A less apparent application of good but not too good is an aspect of human nature that I believe will foretell near term advances in virtual reality (VR). On the commentary for one of the early CGI movies (it may have been Shrek, but I don't recall) the animators talk about a phenomenon whereby people started to dislike the characters if they became too close to real. It seems the human mind is happy to place itself in a state of suspended disbelief when what it is experiencing is clearly unbelievable. We don't watch a Roadrunner cartoon and complain that there is no way the coyote could survive that fall. The problem for movie makers occurred as animated characters started approaching reality. At that point people would look at them and know that something was "not right" but not necessarily be able to put their finger on it. The computer graphics had passed the threshold of being obviously fake but had not yet reached the point of being believable. They were too good for their own good and actually had to be made less realistic.
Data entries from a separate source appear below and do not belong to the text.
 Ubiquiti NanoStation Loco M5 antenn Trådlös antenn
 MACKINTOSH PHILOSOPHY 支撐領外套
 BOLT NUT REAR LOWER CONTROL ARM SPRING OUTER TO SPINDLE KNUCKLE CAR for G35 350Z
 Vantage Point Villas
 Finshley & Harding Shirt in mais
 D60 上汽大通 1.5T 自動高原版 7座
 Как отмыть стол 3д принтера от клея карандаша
The same logic can be used with virtual reality and the Wii. Nobody would claim that waving around a remote control truly gives you the same experience as swinging a tennis racket at a ball or slicing a goblin with a sword. Yesterday I was reading about haptic interfaces. The Webopedia article states, "For example, in a virtual reality environment, a user can pick up a virtual tennis ball using a data glove. The computer senses the movement and moves the virtual ball on the display. However, because of the nature of a haptic interface, the user will feel the tennis ball in his hand through tactile sensations that the computer sends through the data glove, mimicking the feel of the tennis ball in the user's hand." This is certainly far above what the Wii's controller offers. Will this be the next generation of gaming? I don't think so, and the reason is that it defies the good but not too good philosophy. When games start to mimic tactile sensations it butts up against the "close to reality but just not right" barrier. I'm sure such a device would be interesting to try, but in order to lose ourselves in the experience of a game, just like with a movie, we either need to be in a clearly non-real environment or so totally immersed that it is difficult to distinguish what is and is not real.
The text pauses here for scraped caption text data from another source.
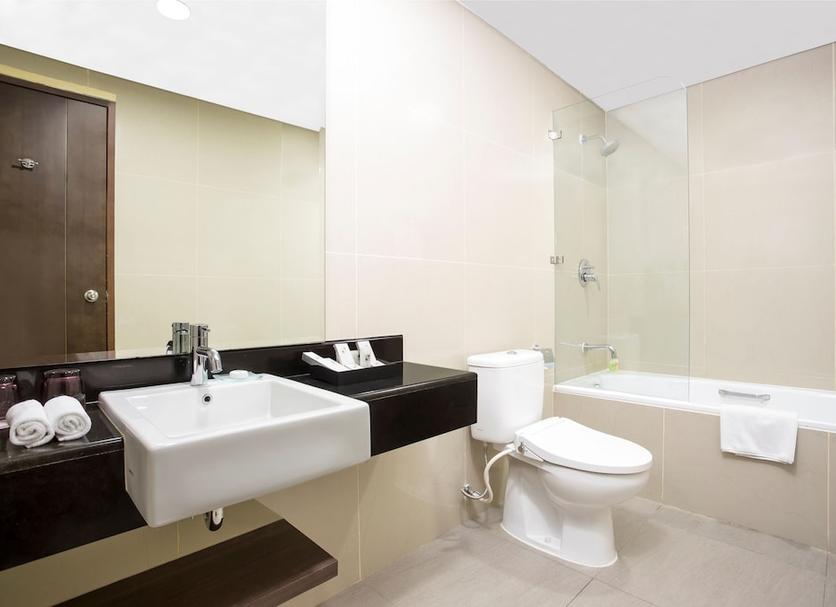 Banyo Fotoğraf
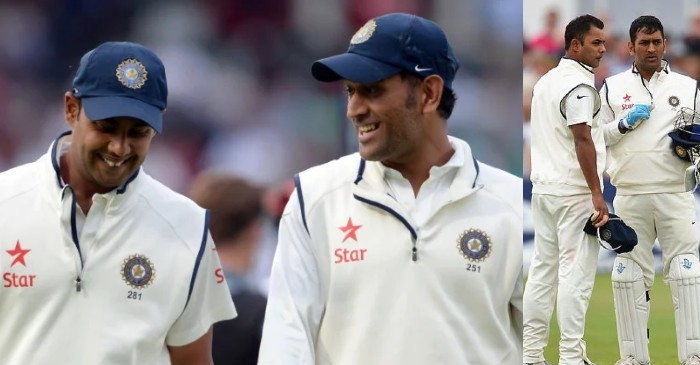“Couldn’t believe Mahi bhai said something like that”: Stuart Binny discloses talks with MS Dhoni on his debut
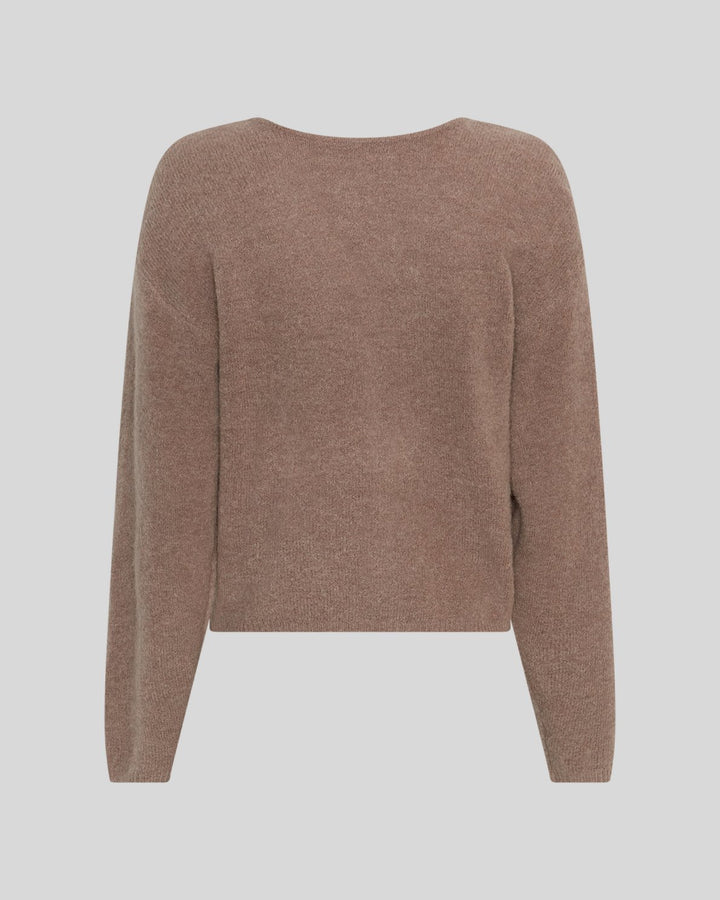 MSCH Jinie Hope Cardigan - Mountain Trail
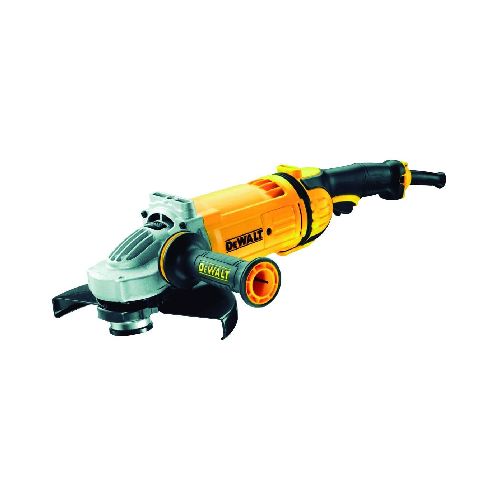 AMOLADORA DEWALT DWE4559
It's been over a decade since Pixar introduced us to full length CGI animation with Toy Story. Movies are just now approaching the use of fully realistic human characters. While VR has also been in development for decades, the Wii gaming console is definitely the largest real world application of virtual reality concepts. Before the next level of immersive VR is achieved the industry will have to overcome the problem of being too close to reality without being close enough. In my opinion this will likely take the next ten years. In the meantime there is plenty of opportunity using the current technology for unbelievable games to be incredibly fun.